Wednesday, September 22, 2010

Sitting Duck

I just realized that I hadn't gotten around to posting the color version of page 8. Here it is. Click to enlarge:


There seems to be a lot of disagreement about the usefulness of sound effects. The anti-SFX people point out that big words look cheesy, cover up the linework, and ruin the general fine-artness of things. The pro-SFX partisans counter that sounds can make things more visceral and engage the other senses (if indirectly).

Then there's Japan. They'll add a sound effect for a gentle breeze or the sound of somebody blinking. This tool must have some value if it's been used for decades on multiple continents. Then again, so has dynamite. That doesn't mean I should use it to loosen a stuck spark plug.

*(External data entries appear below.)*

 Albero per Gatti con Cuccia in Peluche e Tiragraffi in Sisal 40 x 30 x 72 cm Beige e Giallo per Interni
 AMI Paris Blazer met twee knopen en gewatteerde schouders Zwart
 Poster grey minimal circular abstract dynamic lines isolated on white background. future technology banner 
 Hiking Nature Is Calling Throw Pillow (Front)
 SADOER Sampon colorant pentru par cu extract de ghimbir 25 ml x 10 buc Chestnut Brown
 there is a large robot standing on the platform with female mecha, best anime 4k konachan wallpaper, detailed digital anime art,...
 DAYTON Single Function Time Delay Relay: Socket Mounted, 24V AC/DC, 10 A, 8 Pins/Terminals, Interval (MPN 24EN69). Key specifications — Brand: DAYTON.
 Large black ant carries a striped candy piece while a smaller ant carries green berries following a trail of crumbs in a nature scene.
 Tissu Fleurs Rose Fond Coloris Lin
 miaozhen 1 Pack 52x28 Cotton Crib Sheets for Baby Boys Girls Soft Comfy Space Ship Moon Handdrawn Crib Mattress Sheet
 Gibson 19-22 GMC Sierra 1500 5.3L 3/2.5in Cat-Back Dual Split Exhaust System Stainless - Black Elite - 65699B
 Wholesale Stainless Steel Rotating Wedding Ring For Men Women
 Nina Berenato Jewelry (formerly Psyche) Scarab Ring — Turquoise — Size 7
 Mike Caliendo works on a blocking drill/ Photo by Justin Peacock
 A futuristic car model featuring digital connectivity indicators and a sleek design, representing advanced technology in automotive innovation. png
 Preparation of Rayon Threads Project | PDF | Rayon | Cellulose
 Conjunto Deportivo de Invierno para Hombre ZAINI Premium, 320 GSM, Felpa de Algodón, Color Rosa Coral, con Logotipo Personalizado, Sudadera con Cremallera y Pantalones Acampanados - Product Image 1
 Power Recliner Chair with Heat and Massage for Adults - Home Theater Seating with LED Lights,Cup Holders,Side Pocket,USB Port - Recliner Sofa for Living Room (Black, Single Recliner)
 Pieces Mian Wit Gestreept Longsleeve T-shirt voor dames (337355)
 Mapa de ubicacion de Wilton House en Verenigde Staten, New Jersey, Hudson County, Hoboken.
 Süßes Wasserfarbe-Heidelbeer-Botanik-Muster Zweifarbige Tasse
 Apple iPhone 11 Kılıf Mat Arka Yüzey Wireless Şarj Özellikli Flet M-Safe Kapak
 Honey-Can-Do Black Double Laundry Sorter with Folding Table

I guess the real question is whether sound effects make sense for Nonplayer. I started out staunchly against them, but was surprised to discover that some pages seemed to come to life when I added them. Of course, I then went whole hog and put in too many, in some cases ruining entire pages. In the end, as with every other part of the book, it came down to trying every panel both ways and keeping the changes that worked. I ended up with a comic that has some loud events that go completely unlabeled and some muted events that make little noises. Did I make the right choices? I don't know!

That leads to a bigger concern: when Nonplayer gets printed, I'll be opening myself up to a kind of criticism that I've never experienced before. The internet is pretty polite when you're a nobody, but as soon as your name shows up in Previews, the gloves come off. I feel like I'm asking the web to kick me in the jimmy.

I'll say it right now: my comic has flaws. Sometimes it looks to me like it's made up of nothing but flaws. It's hard to resist preempting my critics by listing what's wrong right here. At least then I'll have scooped the griefers.

But that's a pretty unhealthy way to think, right? After all, one person's mistake is another's charming idiosyncrasy. I bet Geof Darrow felt like he'd totally blown it when he finished Hard Boiled (when in fact he had made one of the raddest things ever). Not that I'm anywhere near his level of bodaciousness, but who knows -- maybe some of my mistakes won't seem so big when I look back at them in a few years.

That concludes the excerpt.